The FPI, which has thousands of members, is known for threatening, intimidating
and physically attacking Indonesians with almost complete impunity despite
repeated calls for the government to ban the organisation.
On Sunday it threatened "war" against the Christian minority in the Jakarta
suburb of Bekasi and urged all mosques in the city to create armed militias.
Sundari is a member of a group of MPs who has demanded the government crack
down on the vigilantes after they burst into an official meeting on health care
in East Java last week and accused the organisers of being communists.

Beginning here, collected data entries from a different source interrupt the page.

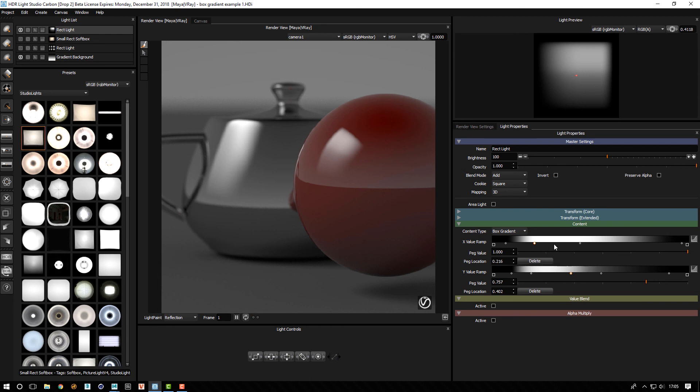It's a really lovely way to create some content. So that's the box gradient in HDR Light Studio Carbon Drop 2.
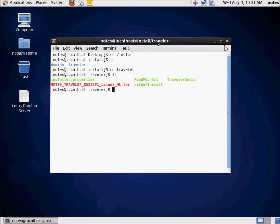Again, as a reminder on this particular environment, tar files, archives, and such are in red, and directories are in blue, and executable and data files are in that bright green. So we want to go ahead and run the Traveler setup. We can't do that right now as the notes user. So as a reminder, once again, we're going to change to the root user using the super user command.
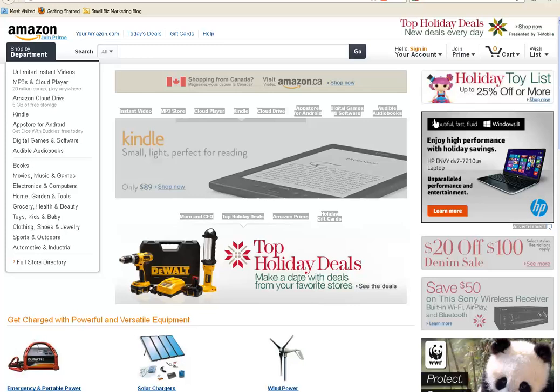Hi, and welcome. My name is Corrine Floyd, and my goal here today is to show you how quickly and easily you can build an Amazon store and embed it into your blog.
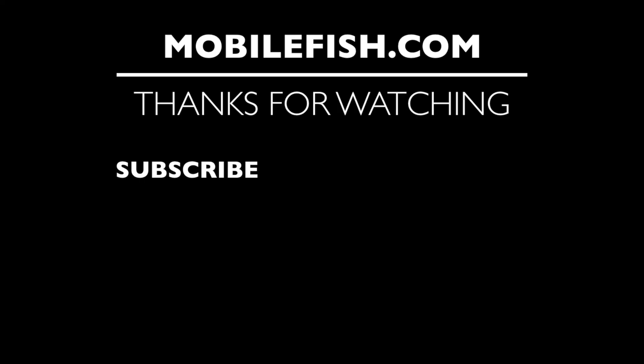Thanks for watching. I hope you enjoyed the video. Please hit the like button and don't forget to subscribe. If you have questions leave your comments below. I'll do my best to answer them.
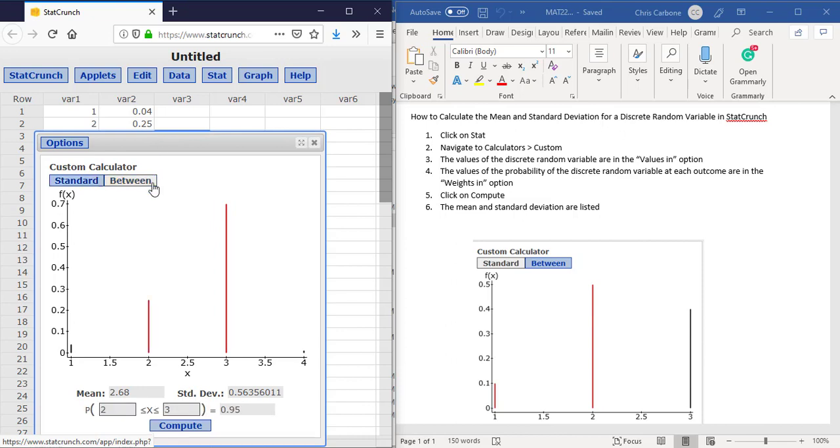Likewise, we could do a between as well if we wanted to. So just between 2 and 3 would be 0.95.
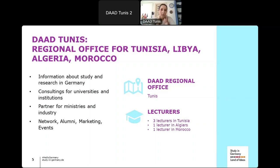Our regional office in Tunis is now responsible not only for Tunisia but also for Libya, Algeria, and Morocco. We work in the area of higher education: we offer information about studying and researching in Germany, provide consulting for universities interested in bilateral or multilateral cooperation, partner with ministries and industry, and organize events for former scholarship holders and training for university teachers. We also have lecturers located in Tunisia, Algeria, and Morocco who represent DAAD at their local universities.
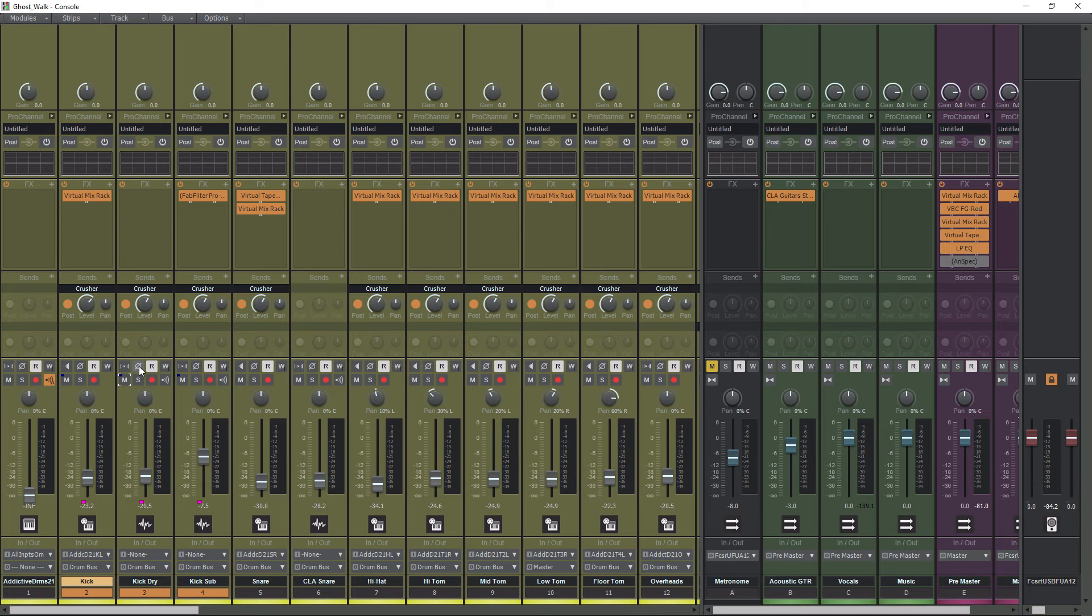All right. So that is how you group parameters and tracks within Cakewalk by BandLab. If you guys like this tutorial, give it a thumbs up. Please subscribe because I love making this content for you and hit that notification bell to know when new videos are coming out. So with that being said, until the next video, I will see you guys later and peace out.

The meeting was sponsored by the House of Representatives and was attended by
health commission chairwoman Ribka Tjiptaning and fellow MP Rieke Dyah Ayu
Pitaloka.
Tjiptaning, a doctor who has written a book about her communist parents, has
filed a complaint alleging police negligence for failing to protect
participants in the meeting.
FPI chairman Habib Rizieq hit back at the group's critics, saying they were
part of a communist and liberal conspiracy against the imposition of Islamic
law in the secular but mainly Muslim country.
"Police should not discriminate -- whoever propagates communism should be
brought to justice as it is a criminal offence," he told a press conference at
FPI headquarters in Jakarta.
He did not renounce violence and when a journalist asked him to respond to
community concerns about violence he accused him of being a communist.
The military, known as the TNI, and the police have denied any links to
Islamist vigilante groups.
"The TNI does not have a pet," Defence Ministry spokesman Brigadier general I
Wayan Midhio was quoted as saying in The Jakarta Post.
National police spokesman Edward Aritonang said violence by FPI members was
under investigation.
Reflecting growing community concern about mob violence, The Jakarta Post said
in an editorial that Jakarta and other cities in the country of 240 million
people were "on the brink of anarchy".
But the English-language daily added that banning the FPI would achieve little
as long as the police -- "the real brutes" -- failed to do their duty.
"Actually, we cannot blame serial thugs for their behaviour. There is no point
expecting the higher rules of moral civility from groups of men (and some
women) who are cowards and hypocrites by preying on pacifist civilians in the
name of God," it said.
"What we should condemn even more is the police and authorities who have not,
and still are not, doing anything against these groups."